**WORK INSTRUCTIONS**
Nothing outside the stretch is wanted. Repeat exactly the lines of the listing below from the one that contains "Apple iPad Pro" through the one that contains "royal blue long", both ends included.

**MATERIAL FOR THIS TASK**
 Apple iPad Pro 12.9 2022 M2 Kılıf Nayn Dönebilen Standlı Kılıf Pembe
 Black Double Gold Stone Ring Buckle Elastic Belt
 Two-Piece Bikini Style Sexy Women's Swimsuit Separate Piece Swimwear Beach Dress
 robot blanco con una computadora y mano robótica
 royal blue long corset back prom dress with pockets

--

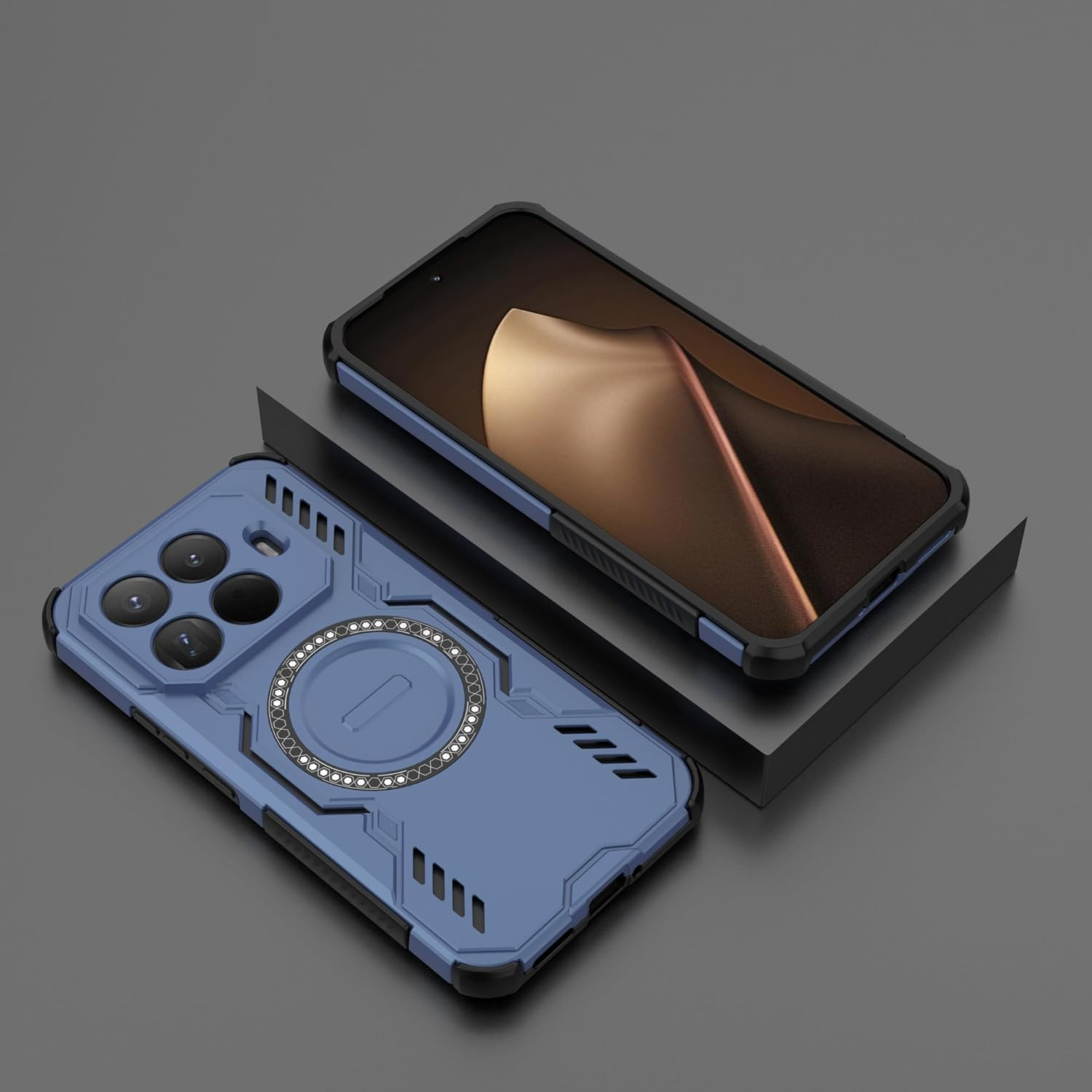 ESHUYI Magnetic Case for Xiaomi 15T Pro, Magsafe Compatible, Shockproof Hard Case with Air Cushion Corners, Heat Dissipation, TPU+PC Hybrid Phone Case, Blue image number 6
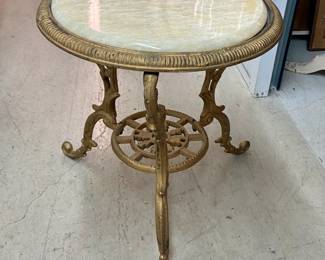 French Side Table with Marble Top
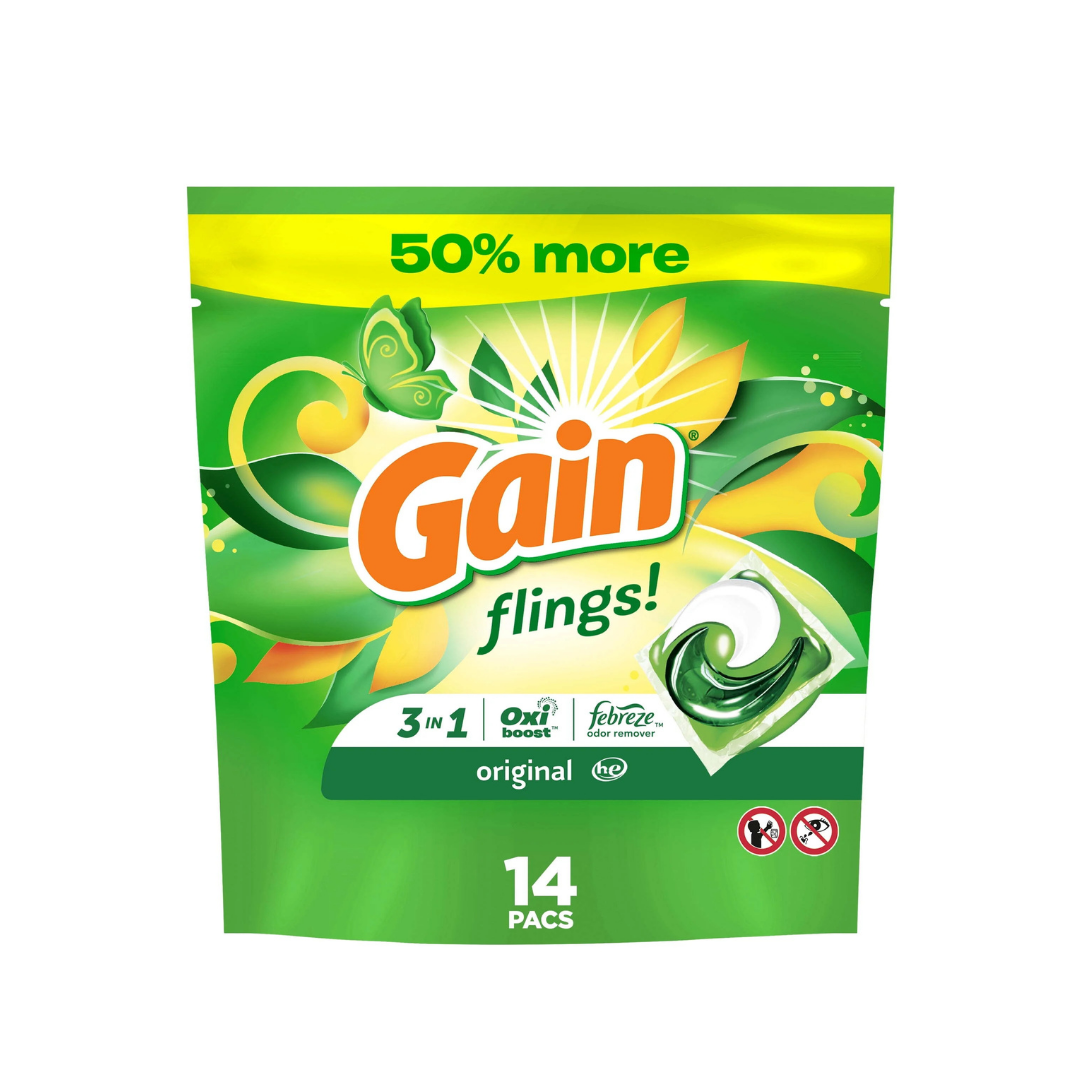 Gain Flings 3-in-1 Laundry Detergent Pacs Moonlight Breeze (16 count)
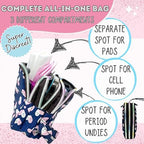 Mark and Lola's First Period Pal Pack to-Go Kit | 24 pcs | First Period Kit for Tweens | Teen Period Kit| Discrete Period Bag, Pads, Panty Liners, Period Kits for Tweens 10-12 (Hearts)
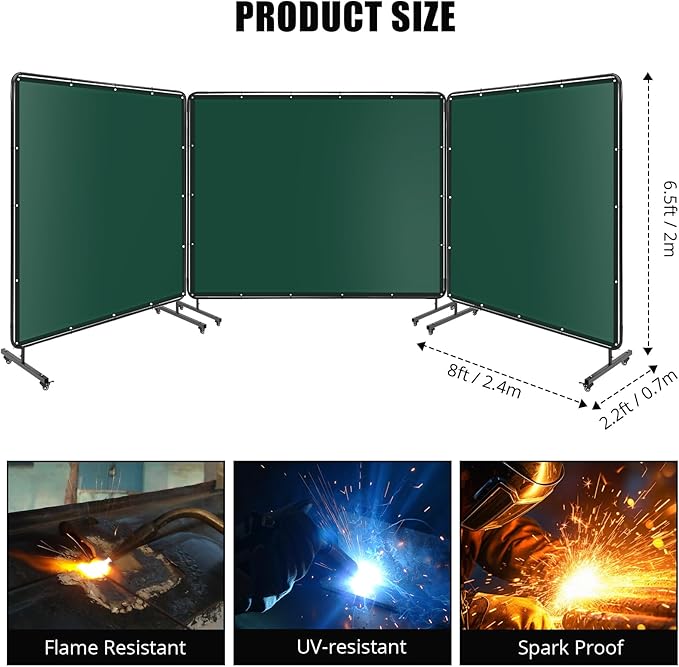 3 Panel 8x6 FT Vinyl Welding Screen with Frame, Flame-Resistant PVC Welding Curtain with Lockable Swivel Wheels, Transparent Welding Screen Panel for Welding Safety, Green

**RESPONSE AREA**
 Apple iPad Pro 12.9 2022 M2 Kılıf Nayn Dönebilen Standlı Kılıf Pembe
 Black Double Gold Stone Ring Buckle Elastic Belt
 Two-Piece Bikini Style Sexy Women's Swimsuit Separate Piece Swimwear Beach Dress
 robot blanco con una computadora y mano robótica
 royal blue long corset back prom dress with pockets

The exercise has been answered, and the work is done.